Activity » Shown below is a listing with pictures; reproduce exactly, and only, the lines between the ones containing "Electric Bike, 26''" and "Burgundy Cableknit Pullover", inclusive, leaving the pictures out.

──────── Provided entries ────────

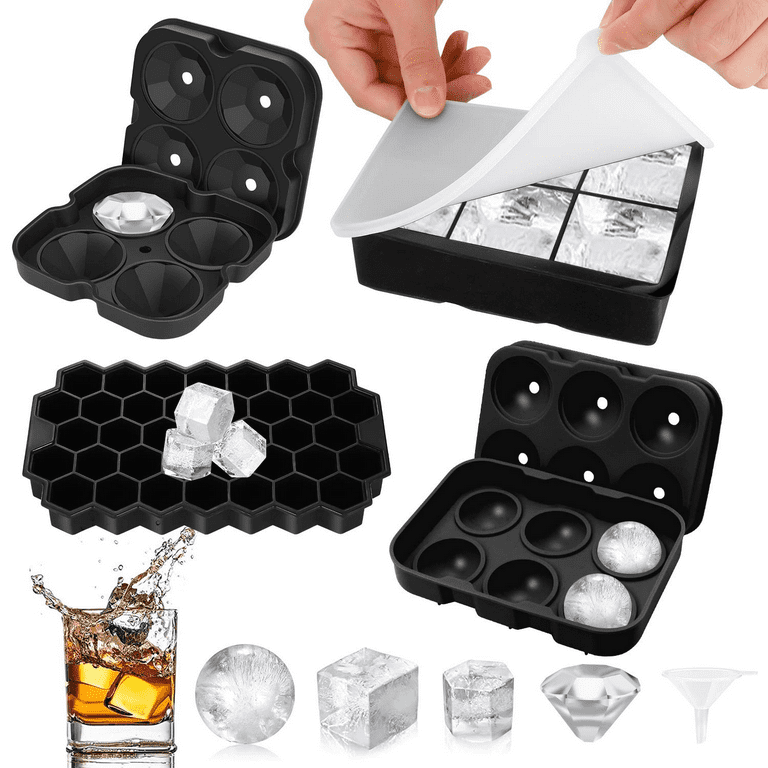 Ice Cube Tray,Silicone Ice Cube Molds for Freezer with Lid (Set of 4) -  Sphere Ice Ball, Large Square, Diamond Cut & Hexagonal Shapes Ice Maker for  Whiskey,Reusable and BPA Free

────────
──────── Provided entries ────────

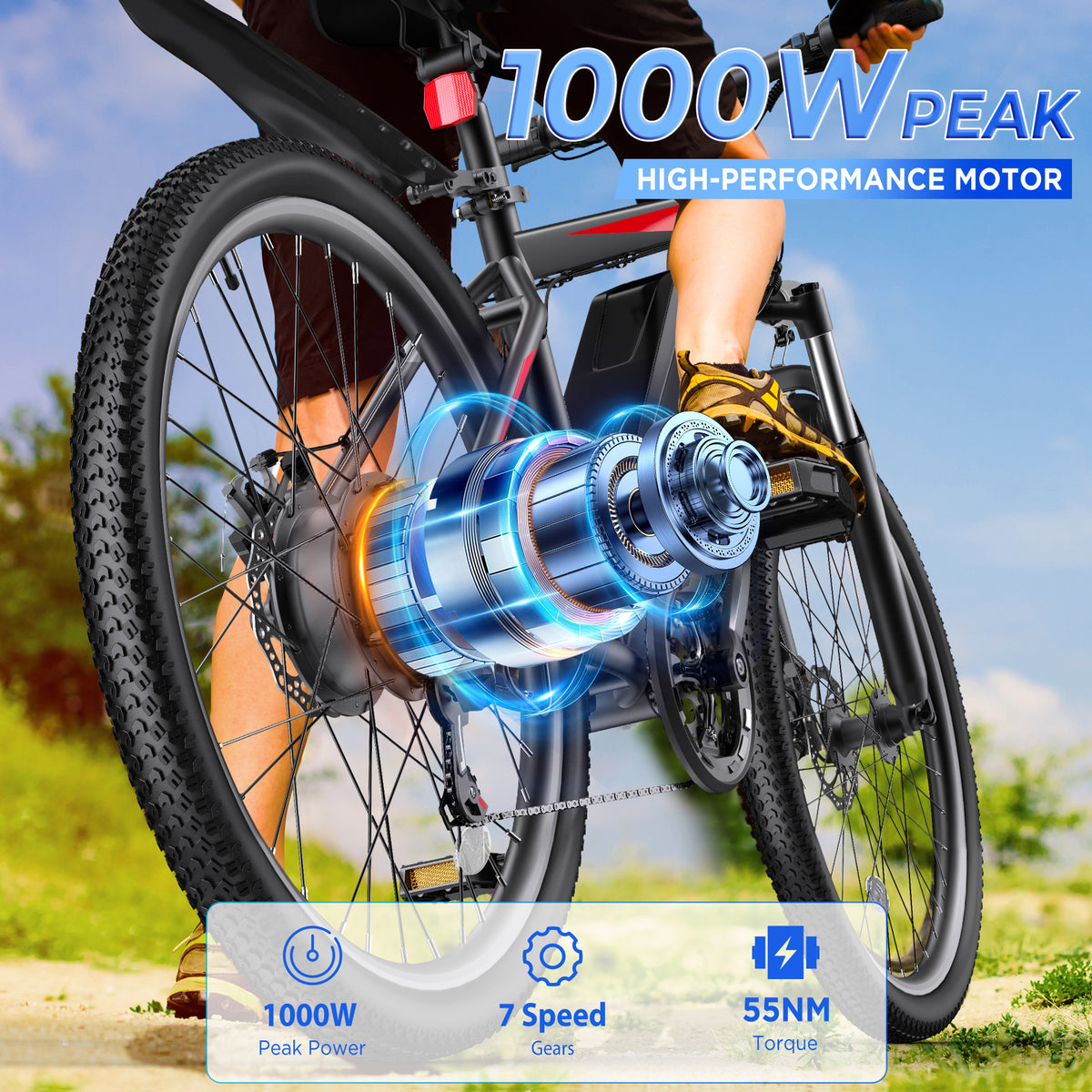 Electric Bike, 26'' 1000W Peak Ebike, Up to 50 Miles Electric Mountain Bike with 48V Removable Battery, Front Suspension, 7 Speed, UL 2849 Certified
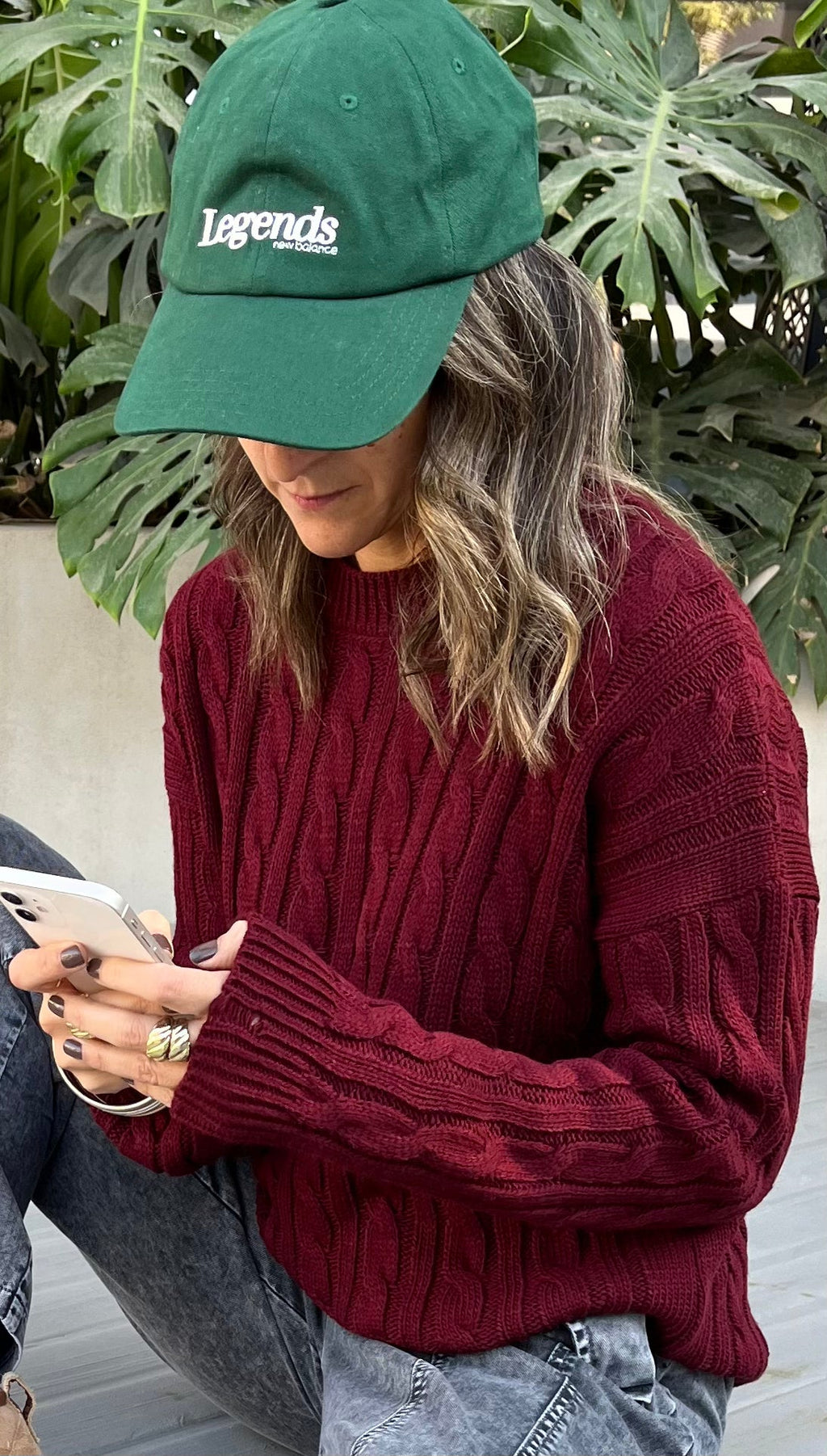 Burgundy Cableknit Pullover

────────

Completed exercise »
 Electric Bike, 26'' 1000W Peak Ebike, Up to 50 Miles Electric Mountain Bike with 48V Removable Battery, Front Suspension, 7 Speed, UL 2849 Certified
 Burgundy Cableknit Pullover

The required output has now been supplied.